> _Work required_
A verbatim copy of each record is required.
++++++++++++++++++++
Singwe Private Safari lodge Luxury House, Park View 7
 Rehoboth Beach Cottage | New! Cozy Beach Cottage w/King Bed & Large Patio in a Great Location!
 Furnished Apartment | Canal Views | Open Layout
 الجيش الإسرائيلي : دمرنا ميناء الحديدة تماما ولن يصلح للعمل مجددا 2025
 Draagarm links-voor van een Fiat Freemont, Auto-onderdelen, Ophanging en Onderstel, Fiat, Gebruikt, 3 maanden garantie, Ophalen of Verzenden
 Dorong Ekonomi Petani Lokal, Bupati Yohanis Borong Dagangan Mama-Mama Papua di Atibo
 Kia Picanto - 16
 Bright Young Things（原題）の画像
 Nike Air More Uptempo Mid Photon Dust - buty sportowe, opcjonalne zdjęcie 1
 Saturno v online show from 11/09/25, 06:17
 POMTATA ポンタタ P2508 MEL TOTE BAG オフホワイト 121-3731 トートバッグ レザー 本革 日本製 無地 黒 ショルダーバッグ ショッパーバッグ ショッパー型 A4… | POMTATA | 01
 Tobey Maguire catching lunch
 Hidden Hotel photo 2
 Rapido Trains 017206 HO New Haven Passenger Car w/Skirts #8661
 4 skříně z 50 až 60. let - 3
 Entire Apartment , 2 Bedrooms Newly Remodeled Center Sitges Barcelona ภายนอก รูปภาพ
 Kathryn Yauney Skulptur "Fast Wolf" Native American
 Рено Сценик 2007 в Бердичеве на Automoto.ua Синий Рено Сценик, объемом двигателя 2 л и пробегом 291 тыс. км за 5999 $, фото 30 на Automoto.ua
++++++++++++++++++++
> _Result for this exercise_
Singwe Private Safari lodge Luxury House, Park View 7
 Rehoboth Beach Cottage | New! Cozy Beach Cottage w/King Bed & Large Patio in a Great Location!
 Furnished Apartment | Canal Views | Open Layout
 الجيش الإسرائيلي : دمرنا ميناء الحديدة تماما ولن يصلح للعمل مجددا 2025
 Draagarm links-voor van een Fiat Freemont, Auto-onderdelen, Ophanging en Onderstel, Fiat, Gebruikt, 3 maanden garantie, Ophalen of Verzenden
 Dorong Ekonomi Petani Lokal, Bupati Yohanis Borong Dagangan Mama-Mama Papua di Atibo
 Kia Picanto - 16
 Bright Young Things（原題）の画像
 Nike Air More Uptempo Mid Photon Dust - buty sportowe, opcjonalne zdjęcie 1
 Saturno v online show from 11/09/25, 06:17
 POMTATA ポンタタ P2508 MEL TOTE BAG オフホワイト 121-3731 トートバッグ レザー 本革 日本製 無地 黒 ショルダーバッグ ショッパーバッグ ショッパー型 A4… | POMTATA | 01
 Tobey Maguire catching lunch
 Hidden Hotel photo 2
 Rapido Trains 017206 HO New Haven Passenger Car w/Skirts #8661
 4 skříně z 50 až 60. let - 3
 Entire Apartment , 2 Bedrooms Newly Remodeled Center Sitges Barcelona ภายนอก รูปภาพ
 Kathryn Yauney Skulptur "Fast Wolf" Native American
 Рено Сценик 2007 в Бердичеве на Automoto.ua Синий Рено Сценик, объемом двигателя 2 л и пробегом 291 тыс. км за 5999 $, фото 30 на Automoto.ua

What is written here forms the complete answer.